[Input material Boundary: Start]
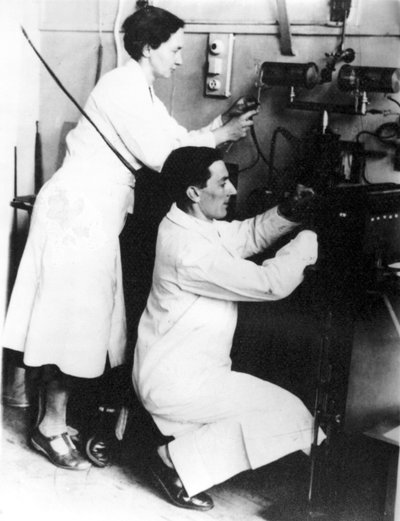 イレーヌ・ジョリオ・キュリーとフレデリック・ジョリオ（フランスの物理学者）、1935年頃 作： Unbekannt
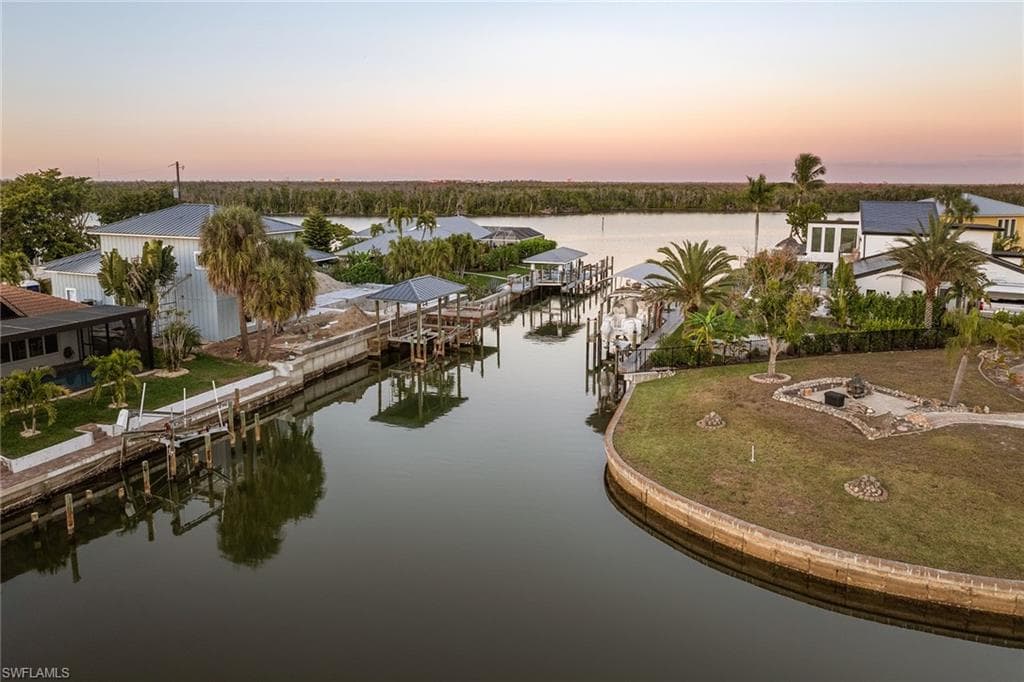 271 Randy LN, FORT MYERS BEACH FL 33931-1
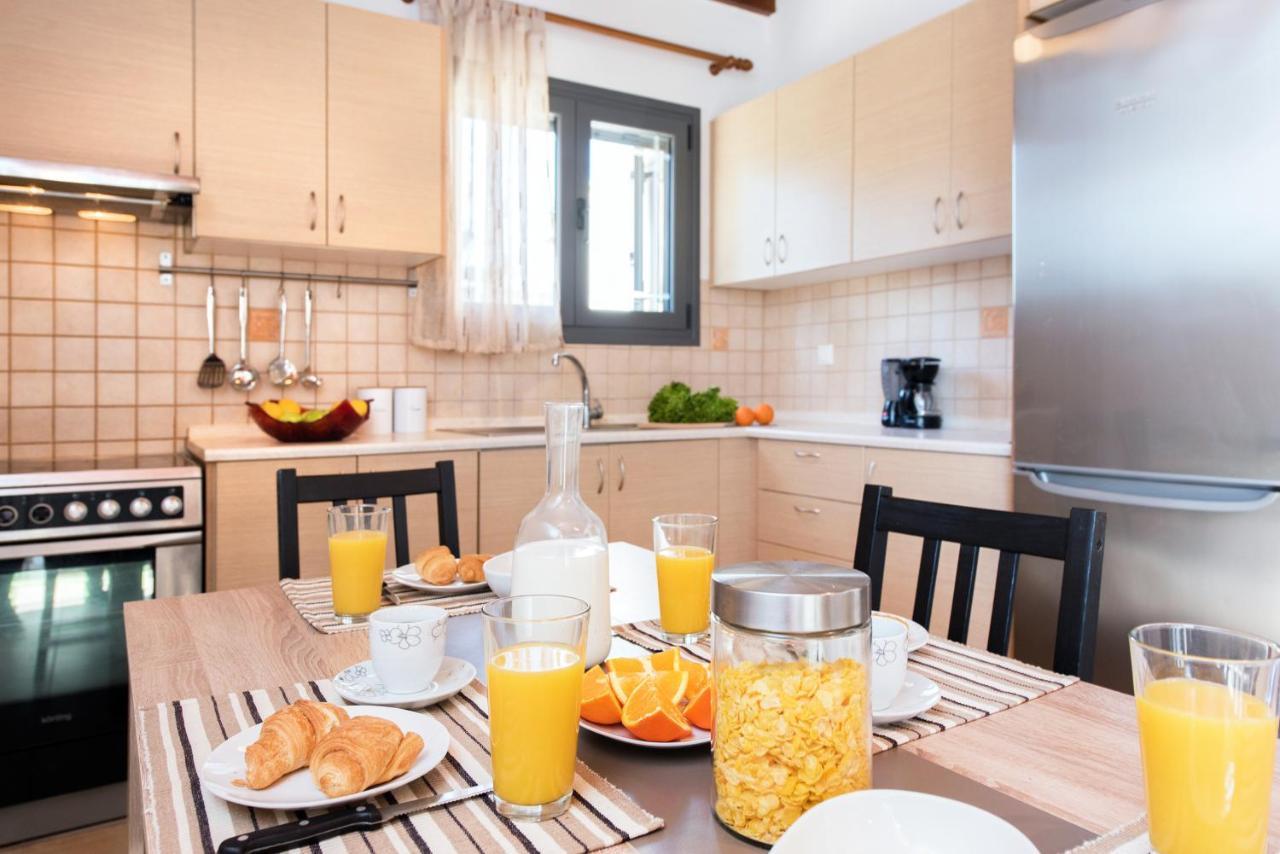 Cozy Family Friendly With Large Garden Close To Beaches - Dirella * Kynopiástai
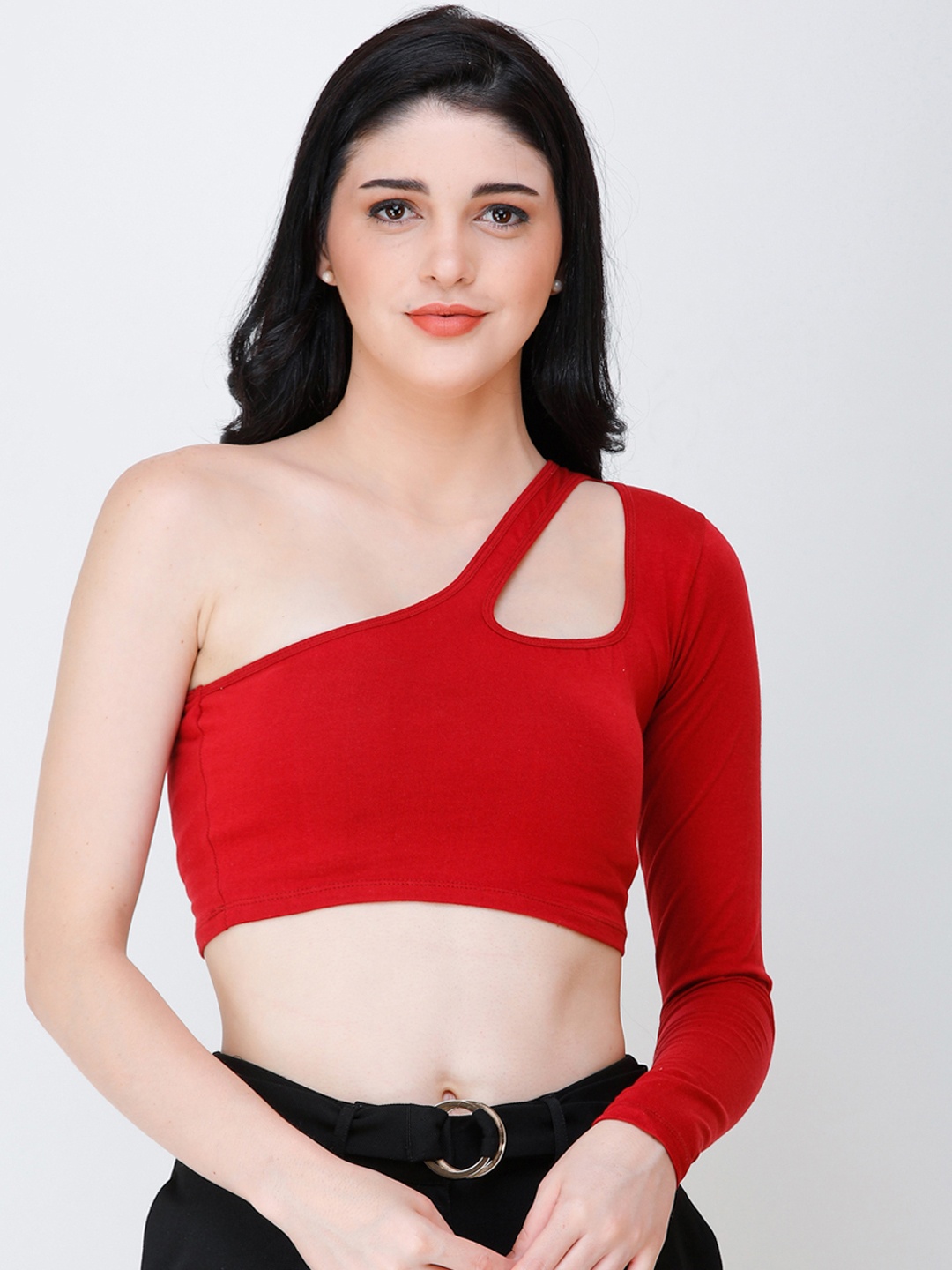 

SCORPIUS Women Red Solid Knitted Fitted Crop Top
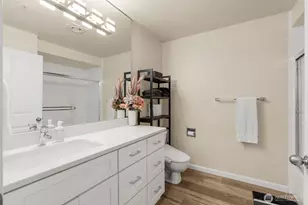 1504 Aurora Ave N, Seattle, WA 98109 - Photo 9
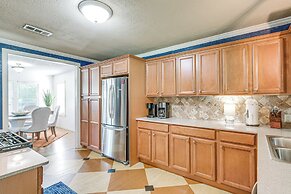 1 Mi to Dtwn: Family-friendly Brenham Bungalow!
[Input material Boundary: End]
◆ Problem requirements
Going through the records above line by line, transcribe each one exactly and skip any pictures.

◆ Response below
 イレーヌ・ジョリオ・キュリーとフレデリック・ジョリオ（フランスの物理学者）、1935年頃 作： Unbekannt
 271 Randy LN, FORT MYERS BEACH FL 33931-1
 Cozy Family Friendly With Large Garden Close To Beaches - Dirella * Kynopiástai

SCORPIUS Women Red Solid Knitted Fitted Crop Top
 1504 Aurora Ave N, Seattle, WA 98109 - Photo 9
 1 Mi to Dtwn: Family-friendly Brenham Bungalow!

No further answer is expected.